1 files changed, 352 insertions, 0 deletions
diff --git a/subversion/libsvn_fs_fs/structure-indexes b/subversion/libsvn_fs_fs/structure-indexes
new file mode 100644
index 000000000000..25490c7ca8f0
--- /dev/null
+++ b/subversion/libsvn_fs_fs/structure-indexes
@@ -0,0 +1,352 @@
+This file describes the design, data model, and storage formats of FSFS
+index data.
+
+
+Design
+======
+
+Each pack and each rev file using logical addressing contains exactly
+two index sections.  One, the log-to-phys index, maps the (rev, item_index)
+pairs to absolute file offsets.  The other, phys-to-log, is a reverse
+index that gives basic information on any file location.  This is enough
+to read and cache any data without traversing DAGs.
+
+Rev and pack files are immutable, so the same is true for index data.
+During a transaction or while packing a file, a proto index file gets
+written (actually, one log-to-phys and one phys-to-log).  Its format is
+a simple concatenation of runtime structs and as such, an implementation
+detail subject to change.  A proto index basically aggregates all the
+information that must later be transformed into the final index.
+
+
+General design concerns
+-----------------------
+
+In Subversion, there is no limit to the size of a revision; even practical
+limits are in the order of millions of changes at least.  Index data for
+these would be multiple megabytes in size with pack file indexes possibly
+approaching 1 GB.  To ensure we still get roughly O(1) access time, we
+need a hierarchical data structure.
+
+Therefore, the indexes will start with a header containing an array of
+references to sub-sections or pages.  The length of these pages varies
+but is limited to a size configurable in fsfs.conf.
+
+Finally, it is assumed that whole pages can be cached efficiently and
+with a high cache hit rate.  So, although a page may have a thousand or
+more entries, the access time is still amortized O(1) in many scenarios.
+
+
+Items and item types
+--------------------
+
+The index implementation treats item_index and item type as simple ints,
+except for SVN_FS_FS__ITEM_INDEX_UNUSED and SVN_FS_FS__ITEM_TYPE_UNUSED.
+Since they have been defined as 0, the code may test for "used" etc.
+by simply comparing with 0.
+
+See section "addressing modes" in structure to a list of item types
+and pre-defined item_index values.
+
+
+Encoding
+--------
+
+The final index data format is tuned for space and decoding efficiency.
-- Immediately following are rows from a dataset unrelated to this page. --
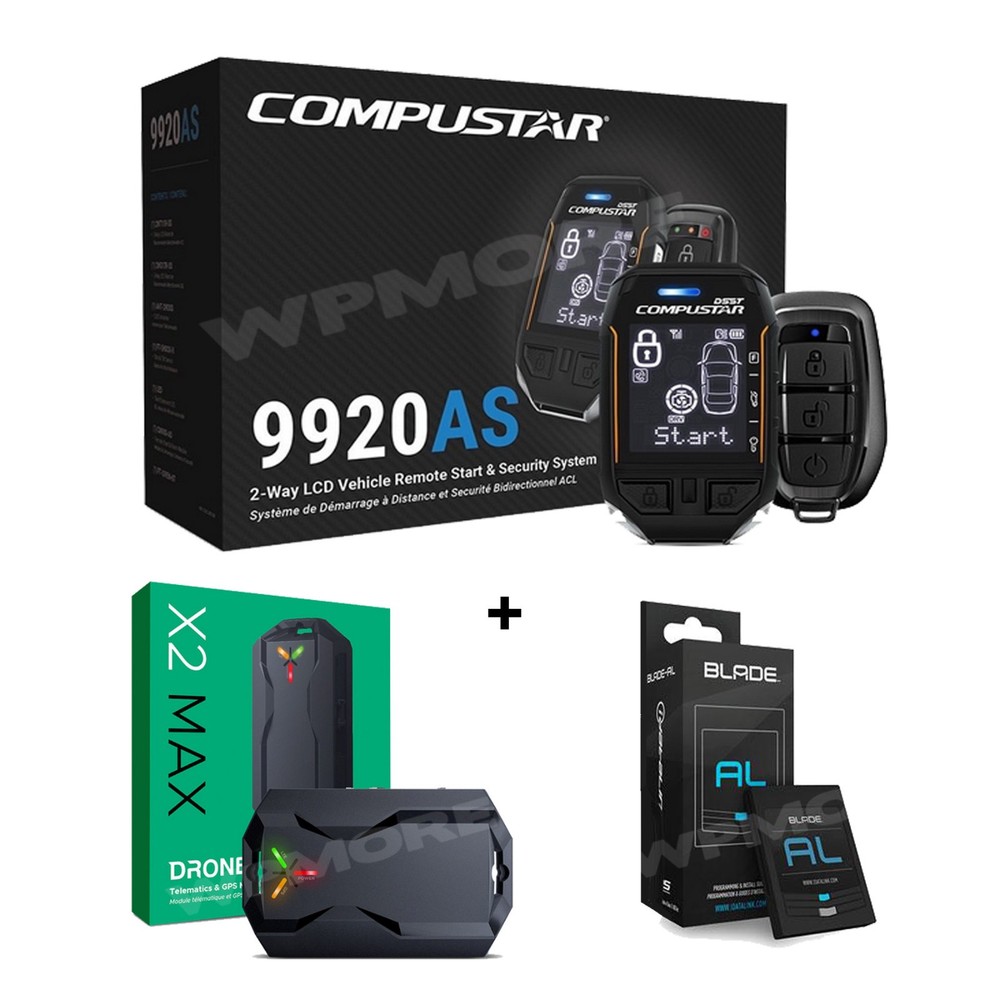 Compustar CS9920-AS 2-Way Remote Start Security + Drone X2-MAX + Blade-AL
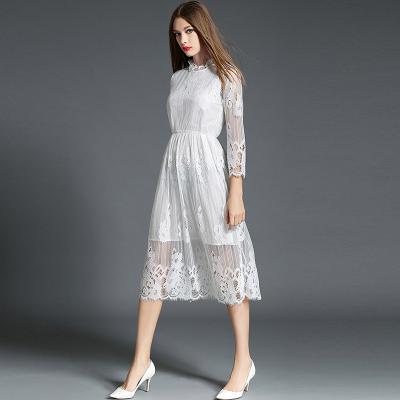 New-Europe-2016-Autumn-Winter-Women39s-Slim-Houndstooth-Wool-Dresses-Femme-Casual-Sashes-Clothing-Wo-32728403780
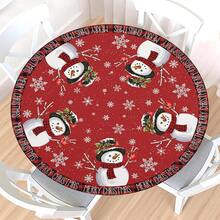 Water-Resistant Round Tablecloth With Elastic Edge For 40-44" Tables - 禮物雪人格子 - 查看 12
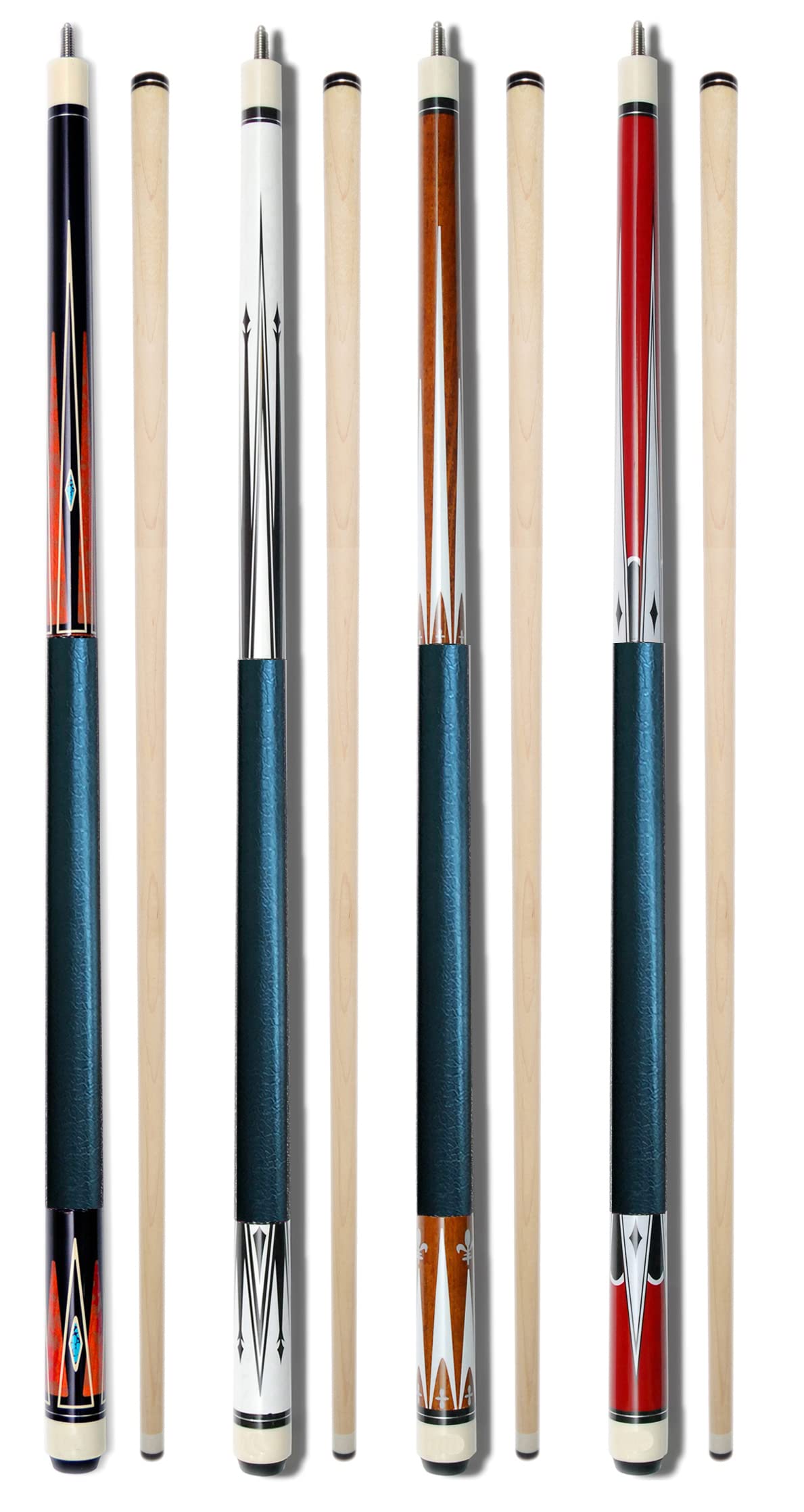 Set of 4 Pool Cues New 58" Billiard House Bar Pool Cue Sticks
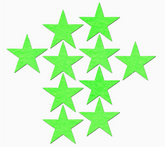 10 Mini Neon Green/Glow-in-The-Dark Stars Body Pasties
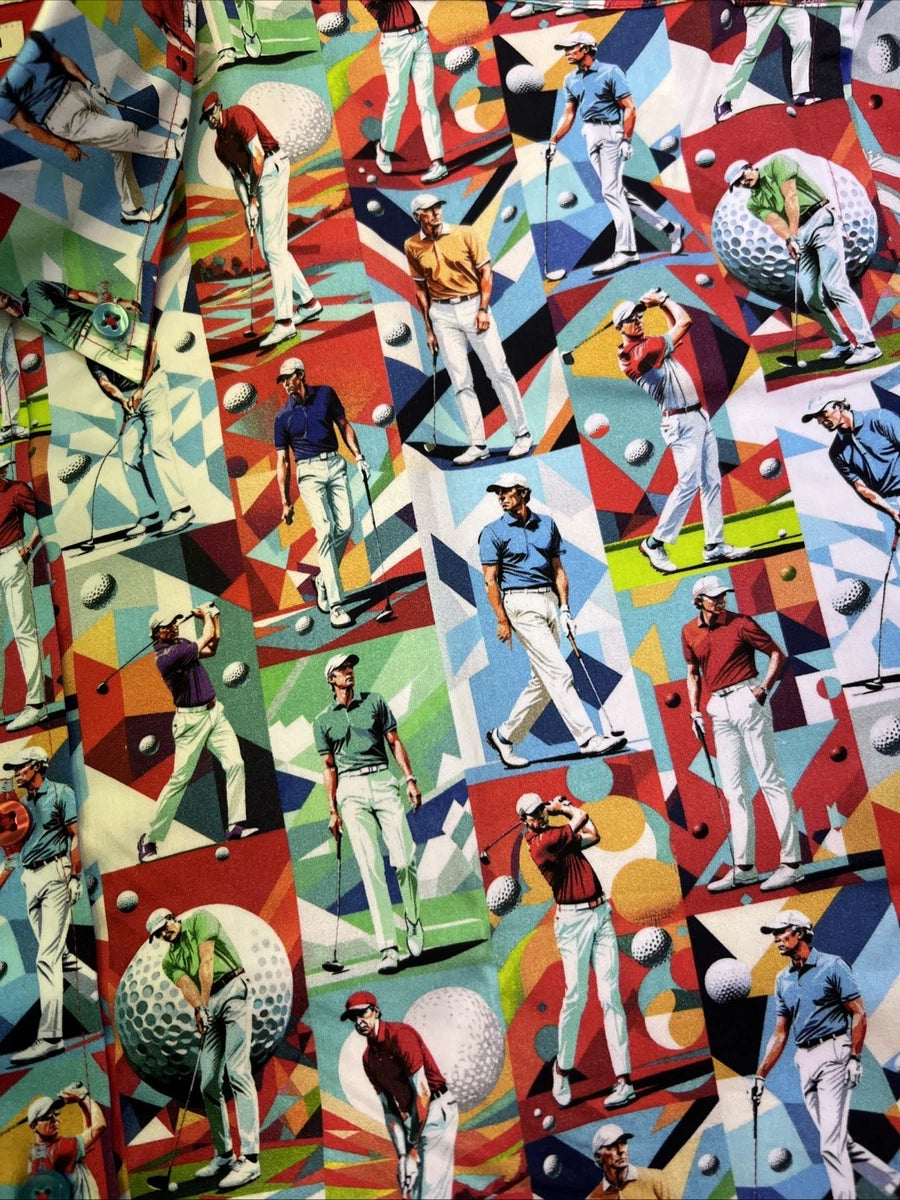 Men's Short Sleeve Golfing Blue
+Indexes are stored as a sequence of variable integers.  The encoding is
+as follows:
+
+* Unsigned integers are stored in little endian order with a variable
+  length 7b/8b encoding.  If most significant bit a byte has been set,
+  the next byte has also belongs to the same value.
+
+  0x00 .. 0x7f    -> 0x00 .. 0x7f               ( 7 bits stored in  8 bits)
+  0x80 .. 0xff    -> 0x80 0x01 .. 0xff 0x01     (14 bits stored in 16 bits)
+  0x100 .. 0x3fff -> 0x80 0x02 .. 0xff 0x7f     (14 bits stored in 16 bits)
+  0x100000000     -> 0x80 0x80 0x80 0x80 0x10   (35 bits stored in 40 bits)
+
+  Technically, we can represent integers of arbitrary lengths.  Currently,
+  we only generate and parse up to 64 bits.
+
+* Signed integers are mapped onto the unsigned value space as follows:
+
+  x >= 0 ->  2 * x
+  x < 0  -> -2 * x - 1
+
+  Again, we can represent arbitrary length numbers that way but the code
+  is currently restricted to 64 bits.
+
+Most data is unsigned by nature but will be stored differentially using
+signed integers.
+
+
+Encoding in proto-index files
+-----------------------------
+
+These have a much simpler encoding.  Throughout the files, all records have
+the same length (but different between L2P and P2L).  All records contain
+unsigned 64 bit integers only, stored in little endian byte order.
+
+
+Log-to-phys index
+=================
+
+This index has to map (rev, item_index) -> offset.  It assumes that the
+item_index values per revision are dense and start at 0.  There may be
+unused item_index values, though; the data structure simply gets less
+space-efficient when the more sparse the value space gets.
+
+
+Index data model
+----------------
+
+hierarchy:
+
+  header -> per-revision info -> page -> offset
+
+  There is one entry per revision in the header.  Per revision there are
+  one or more pages (exclusive to that revision) containing up to a known,
+  fixed limit of entries (= page size).  The total access path is:
+
+  pages = header->pages[revision];
+  offsets = page = pages[item_index / page_size];
+  offset = offsets[item_index % page_size];
+
+  Different log-to-phys indexes in the same repository may have different
+  page sizes but within any given index, the page size is the same and
+  immutable.
+
+header:
+
+  <first revision>   ... first revision covered by this index
+  <revision count>   ... number of revision covered by this index
+  <page size>        ... maximum number of entries per page
+  <page table index> ... array, for each revision containing the index in
+                         <page table> of the first page that belongs to
+                         this revision.  This has <revision count>+1
+                         entries to terminate the last revision.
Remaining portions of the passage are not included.